**Action item**
The copy you return must begin at the line containing "4 bedroom Detached" and end at the final line of the listing below, with every picture left out.

**Exercise data**
■ ■ ■
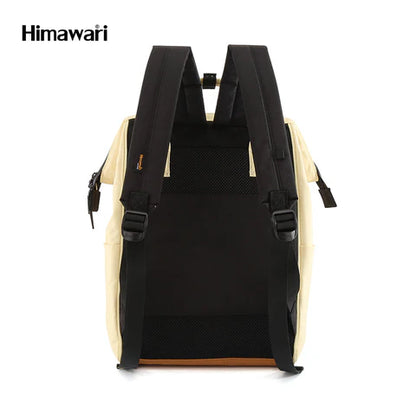 vista trasera mochila beige con correas acolchadas
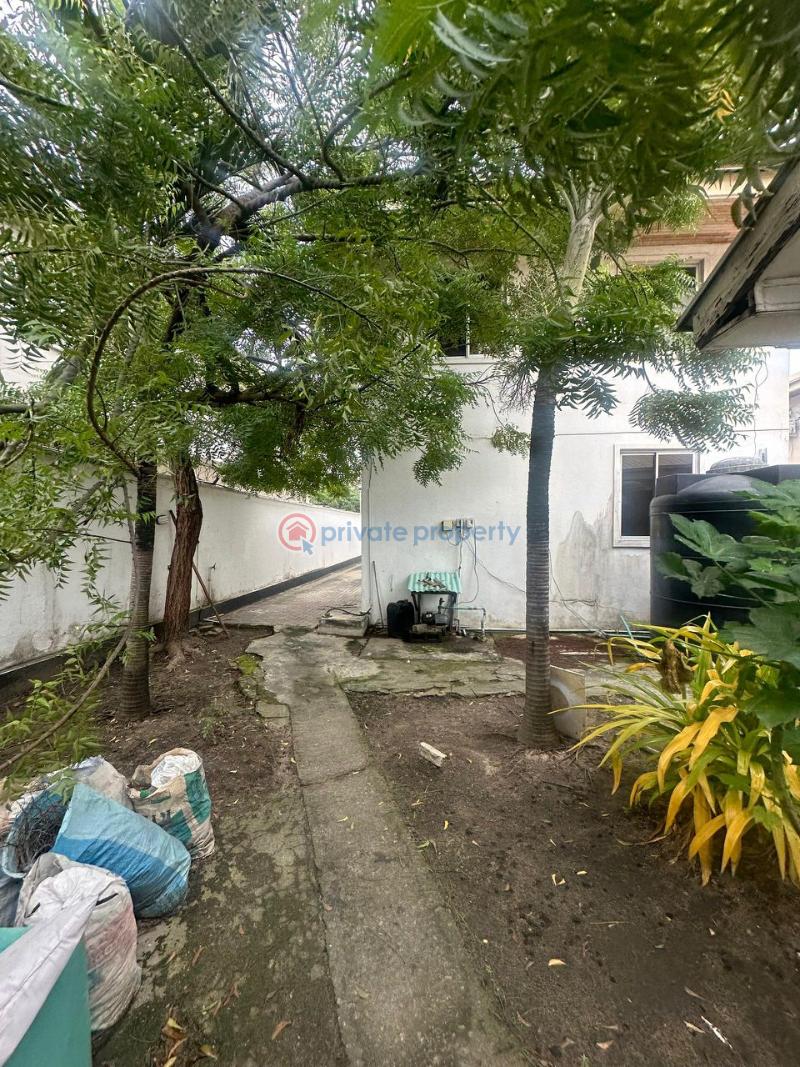 4 bedroom Detached Duplex For Rent Lekki Phase 1 Lagos - 3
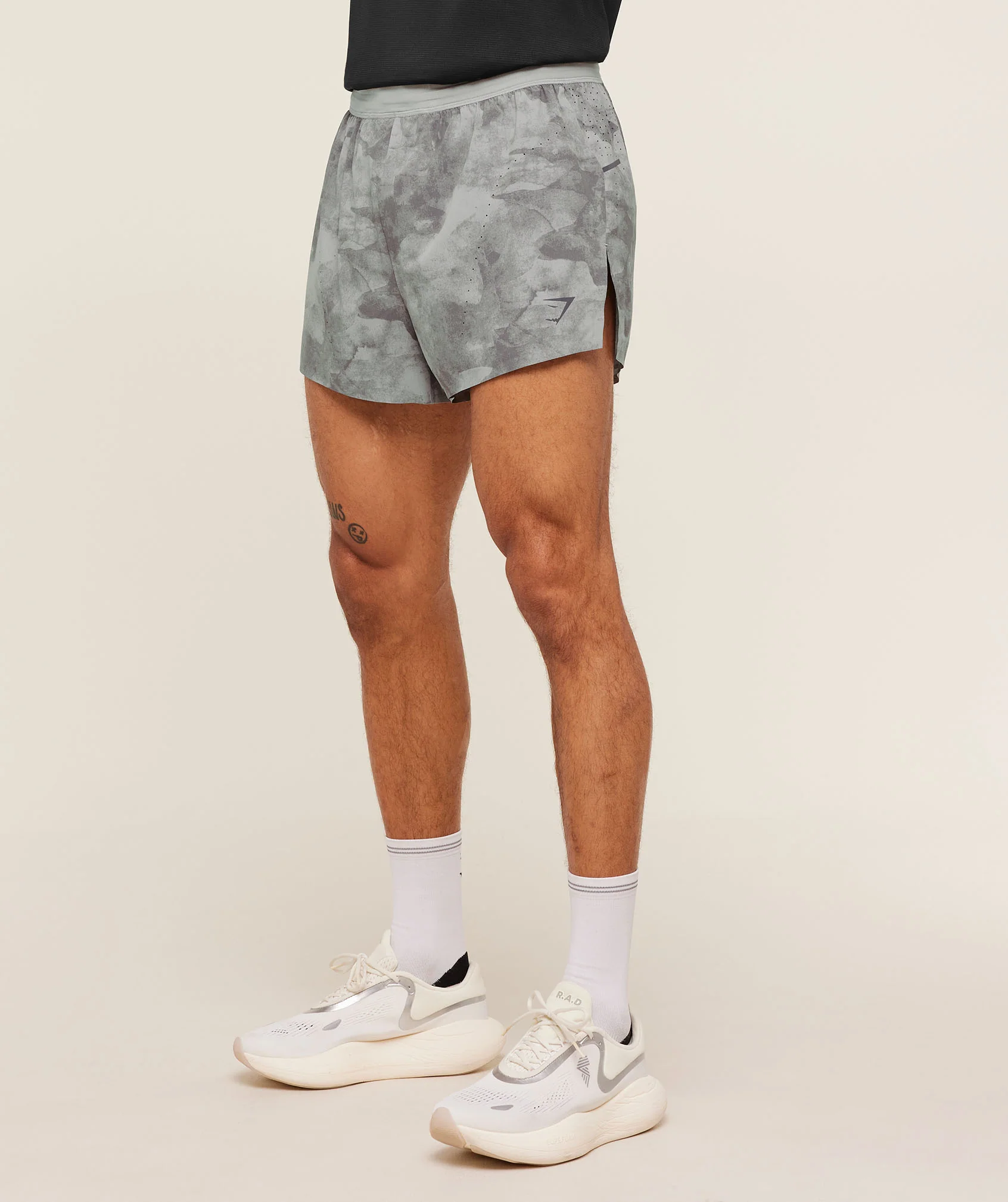 Running Elite Race 5" Short with Mesh Brief and Zip Pocket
■ ■ ■
**Output for this exercise**
 4 bedroom Detached Duplex For Rent Lekki Phase 1 Lagos - 3
 Running Elite Race 5" Short with Mesh Brief and Zip Pocket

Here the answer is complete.